Suçun işlendiği tarihten itibaren belirli bir süre geçmesinden sonra, devletin o suçla ilgili ceza davası açma ya da açılmış olan ceza davasını sürdürme yetkisinin ortadan kalkması durumuna dava zamanaşımı denir.

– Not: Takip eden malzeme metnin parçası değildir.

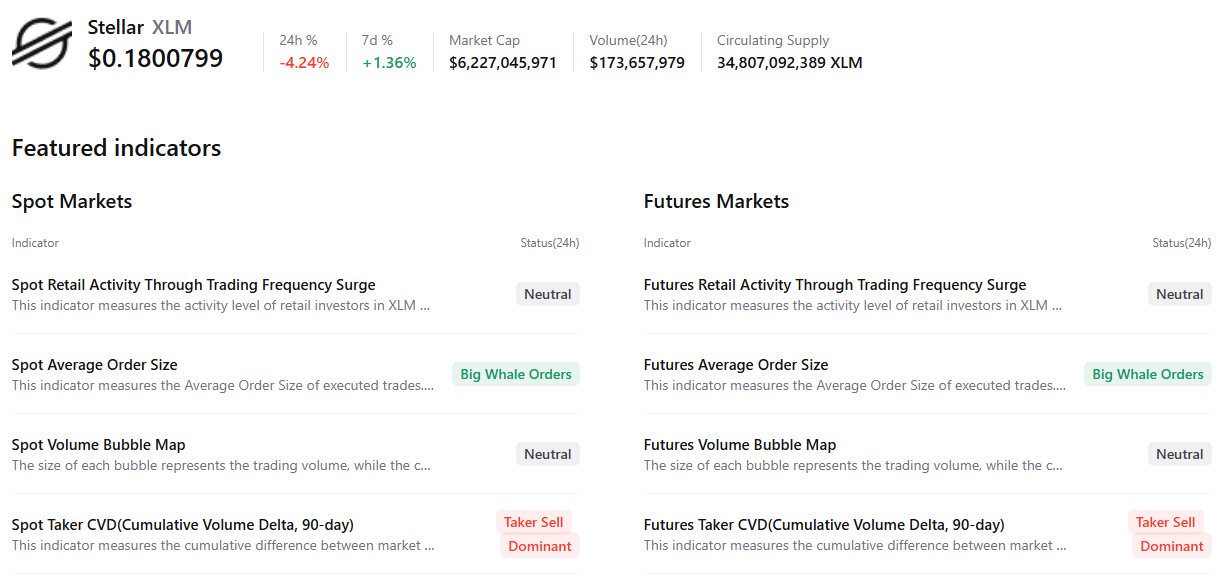 Biểu đồ tóm tắt dữ liệu XLM. Nguồn: CryptoQuant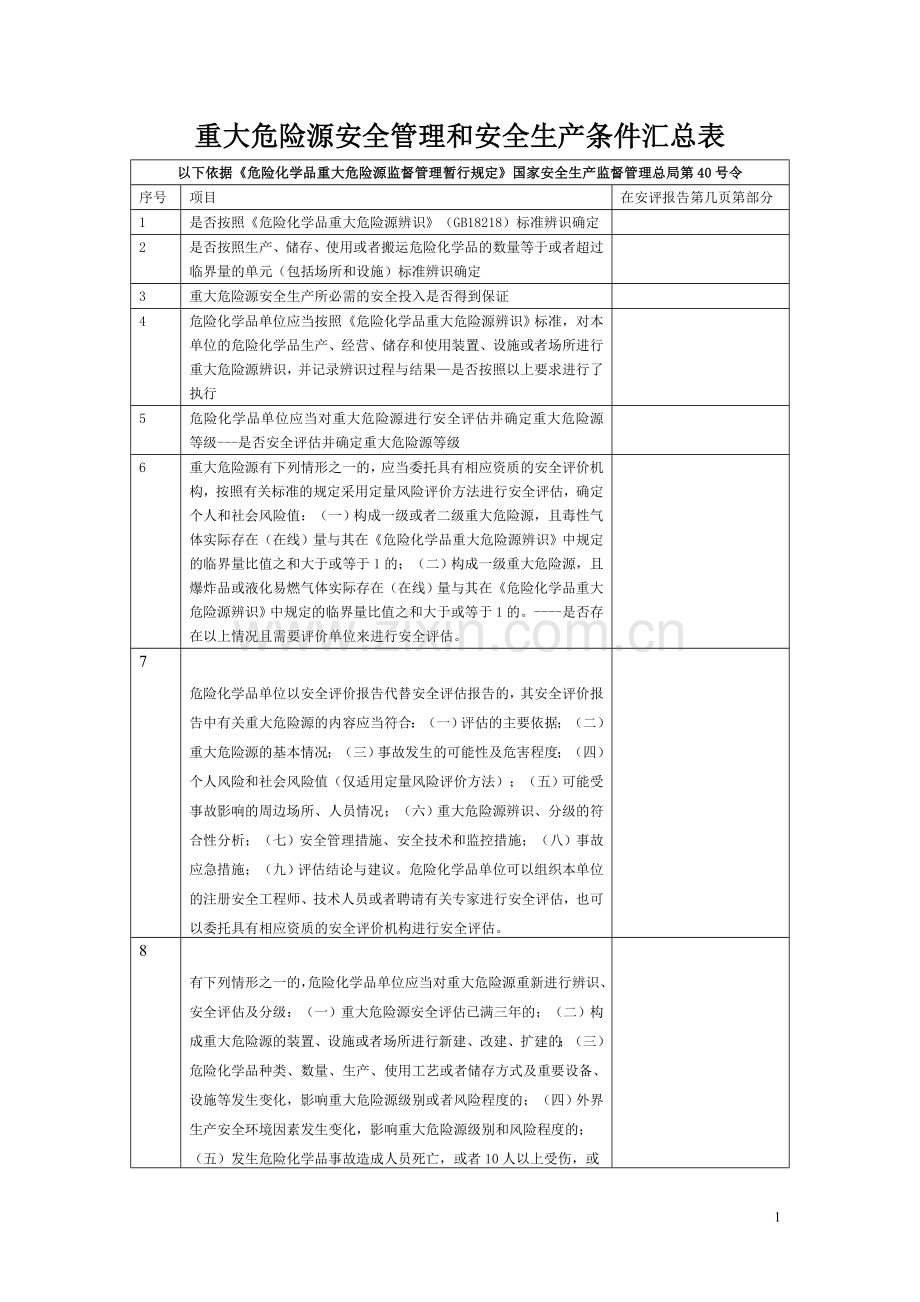 重大危险源安全管理和安全生产条件汇总表.doc_第1页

Dava zamanaşımı süreleri şu şekilde sayılabilir:

  • Ağırlaştırılmış müebbet hapis cezasını gerektiren suçlarda 30 yıl
  • Müebbet hapis cezası gerektiren suçlarda 25 yıl
  • 20 yıldan aşağı olmamak üzere hapis cezası gerektiren suçlarda 20 yıl
  • 5 – 20 yıl arası hapis cezası gerektiren suçlarda 15 yıl
  • 5 yıl ve aşağısı hapis cezası gerektiren suçlarda 8 yıl

Bir suçla ilgili olarak soruşturma ya da kovuşturma yapılabilmesi için, öncelikle izin alınması ya da bir karar verilmesi ya da başka bir yerde çözülmesi gereken bir sorunun olması halinde; bu işlemler tamamlanana ya da kaçak olan suçlunun hakkındaki karar kalkana kadar dava zamanaşımı işlemez.

Şüpheli ya da sanıklardan birinin savcılıkta ifade vermesi veya mahkemede sorgulanması, şüpheli ya da sanıklardan birine tutuklama emri çıkarılması, suçla ilgili iddianamenin hazırlanması, sanıklardan herhangi birinin mahkum edilmesi durumlarında ise dava zamanaşımı sona erer.

Müsadere Zamanaşımı 

Müsadere zamanaşımı, müsadere kararının infaz edilebilmesi için belirlenen bir süredir. Müsadere, devletin suç işleyen kişiye ait belirli eşya veya kazançların mülkiyetini almasıdır.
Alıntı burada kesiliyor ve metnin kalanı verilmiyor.